What is the kernel of the tensor product of two maps?

Question

Assume that $f_1\colon V_1\to W_1, f_2\colon V_2\to W_2$ are $k$-linear maps between $k$-vector spaces (over the same field $k$, but the dimension may be infinity). Then the tensor product $f_1\otimes f_2\colon V_1\otimes V_2\to W_1\otimes W_2$ is defined, and it's obvious that $\ker f_1\otimes V_2+ V_1\otimes \ker f_2 \subseteq \ker (f_1\otimes f_2)$. My question is whether the relation $\subseteq$ is in fact $=$.

If this does not hold, how about assuming all these vector spaces are commutative associated $k$-algebras with identity and that all the maps are $k$-algebra homomorphisms? Or can you give a "right" form of the kernel $\ker (f_1\otimes f_2)$?

Answer 1

Yes, that's true. Let $f_i : V_i \to W_i$ be two linear maps. Since $\mathrm{im}(f_1) \otimes \mathrm{im}(f_2)$ embeds into $W_1 \otimes W_2$, we may assume that $f_1,f_2$ are surjective. But then they are split, so that we can assume that $V_i = W_i \oplus U_i$ and that $f_i$ equals the projection $V_i \to W_i$, with kernel $U_i$. Then $V_1 \otimes V_2 = W_1 \otimes W_2 \oplus W_1 \otimes U_2 \oplus U_1 \otimes W_2 \oplus U_1 \otimes U_2$ and $f_1 \otimes f_2$ equals the projection of $V_1 \otimes V_2$ onto $W_1 \otimes W_2$. Hence the kernel is $W_1 \otimes U_2 \oplus U_1 \otimes W_2 \oplus U_1 \otimes U_2 = U_1 \otimes V_2 + V_1 \otimes U_2$.

This shows even more: The kernel is the pushout $(\ker(f_1) \otimes V_2) \cup_{\ker(f_1) \otimes \ker(f_2)} (V_1 \otimes \ker(f_2))$.

By the way, this argument is purely formal and works in every semisimple abelian $\otimes$-category.
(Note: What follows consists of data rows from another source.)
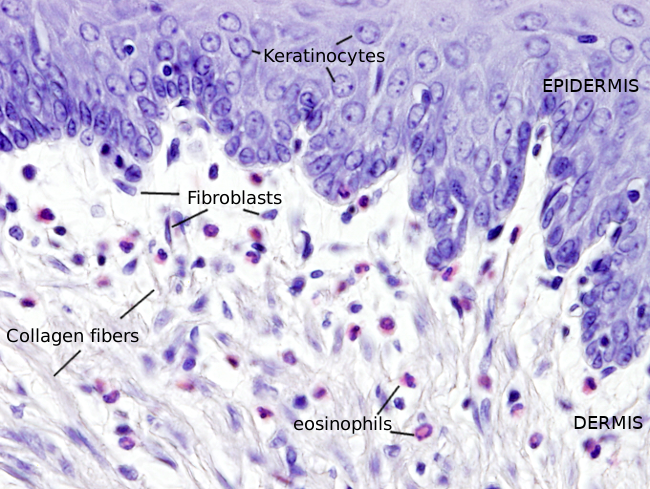 Fibroblasts In Connective Tissue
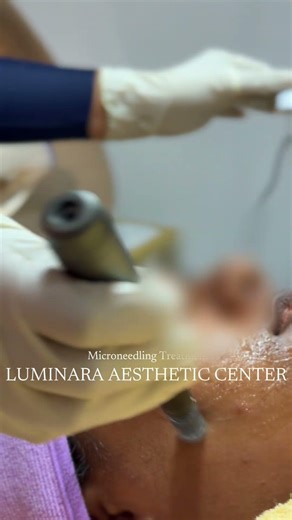 Microneedling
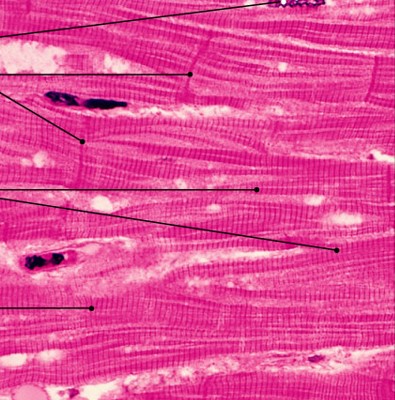 <p>Which type of muscle is:</p><ul><li><p>Are striated, involuntary, heart muscle</p></li><li><p>Form branching networks - bifurcated</p></li><li><p>Connected at intercalated disks</p></li><li><p>Have large round nuclei</p></li></ul><p></p>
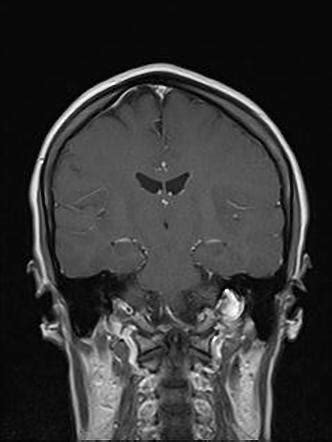 Low Grade Glioma Image Radiopaedia Org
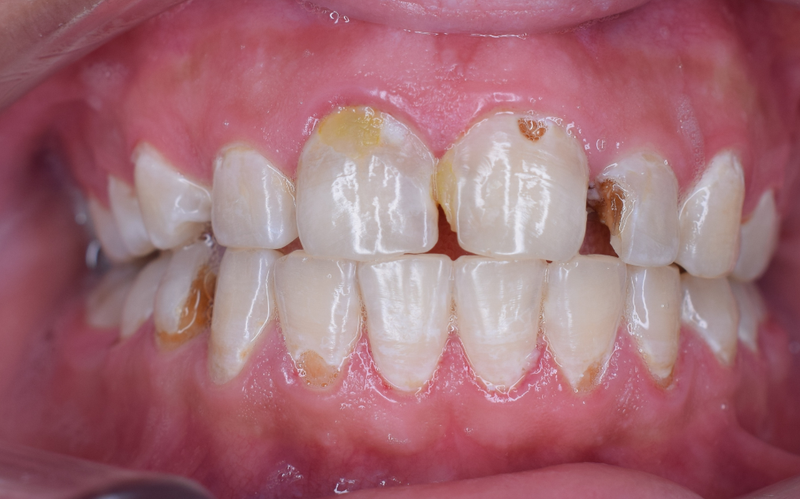 Gel làm trắng răng có thực sự tốt không? Những lưu ý khi sử dụng  2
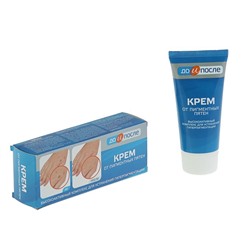 Крем «До и после» от пигментных пятен, 50 мл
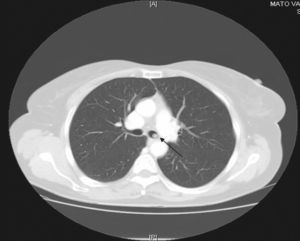 Nodular lesion in the left main bronchus, which corresponds to the carcinoid tumour.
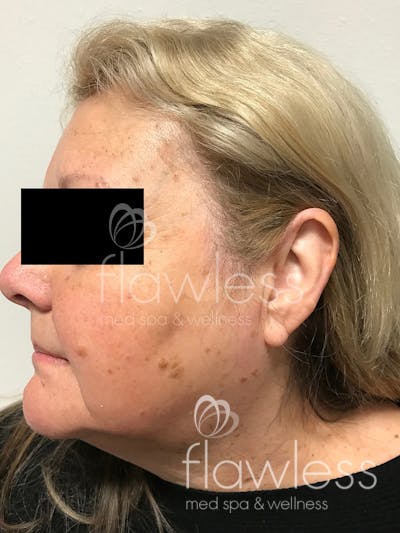 Age Spots Before & After Gallery - Patient 58193340 - Image 1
What happens when we drop semisimplicity, for example when we consider modules over some commutative ring $R$? Then we only need some flatness assumptions:

Let $f_1 : V_1 \to W_1$ and $f_2 : V_2 \to W_2$ be two morphisms in an abelian $\otimes$-category (for example $R$-linear maps between $R$-modules). If $f_1,f_2$ are epimorphisms, then we have exact sequences $\ker(f_1) \to V_1 \to W_1 \to 0$ and $\ker(f_2) \to V_2 \to W_2 \to 0$. Applying the right exactness of the tensor product twice(!), we get that then also

$\ker(f_1) \otimes V_2 \oplus V_1 \otimes \ker(f_2) \to V_1 \otimes V_2 \to W_1 \otimes W_2 \to 0$

is exact. If $f_1,f_2$ are not epi, we can still apply the above to their images and get the exactness of

$\ker(f_1) \otimes V_2 \oplus V_1 \otimes \ker(f_2) \to V_1 \otimes V_2 \to \mathrm{im}(f_1) \otimes \mathrm{im}(f_2) \to 0.$

Now assume that $\mathrm{im}(f_1)$ and $W_2$ are flat. Then $\mathrm{im}(f_1) \otimes \mathrm{im}(f_2)$ embeds into $\mathrm{im}(f_1) \otimes W_2$ which embeds into $W_1 \otimes W_2$. Hence, we have still that the sequence

$\ker(f_1) \otimes V_2 \oplus V_1 \otimes \ker(f_2) \to V_1 \otimes V_2 \to W_1 \otimes W_2$

is exact. In other words, we have a sum decomposition $$\ker(f_1 \otimes f_2) = \alpha(\ker(f_1) \otimes V_2) + \beta(V_1 \otimes \ker(f_2)),$$ where $\alpha : \ker(f_1) \otimes V_2 \to V_1 \otimes V_2$ and $\beta : V_1 \otimes \ker(f_2) \to V_1 \otimes V_2$ are the canonical morphisms. In general, these are not monic! However, this is the case, by definition, when $V_1$ and $V_2$ are flat. So in this case we can safely treat $\alpha$ and $\beta$ as inclusions and write $$\ker(f_1 \otimes f_2) = V_1 \otimes \ker(f_2) + \ker(f_1) \otimes V_2.$$

Answer 2

When $f_1$ and $f_2$ are surjective

Constructing an isomorphism

Suppose first that $f_1$ and $f_2$ are surjective, and that we are working over an arbitrary commutative ring $$. We may assume that $f_i$ is the canonical quotient map from $V_i$ to $V_i / U_i$ for a submodule $U_i$ of $V_i$. By abuse of notation, we denote by $U_1 ⊗ V_2 + V_1 ⊗ U_2$ the resulting submodule of $V_1 ⊗ V_2$, even if the homomorphisms from $U_1 ⊗ V_2$ and $V_1 ⊗ U_2$ to $V_1 ⊗ V_2$ are not injective. The submodule $U_1 ⊗ V_2 + V_1 ⊗ U_2$ of $V_1 ⊗ V_2$ lies in the kernel of $f_1 ⊗ f_2$, whence we get an induced homomorphism of $$-modules $$ φ \colon (V_1 ⊗ V_2) / (U_1 ⊗ V_2 + V_1 ⊗ U_2) \to (V_1 / U_1) ⊗ (V_2 / U_2) \,, \quad [v_1 ⊗ v_2] \mapsto [v_1] ⊗ [v_2] \,. $$ We want to show that $φ$ is an isomorphism. This can be done in multiple ways.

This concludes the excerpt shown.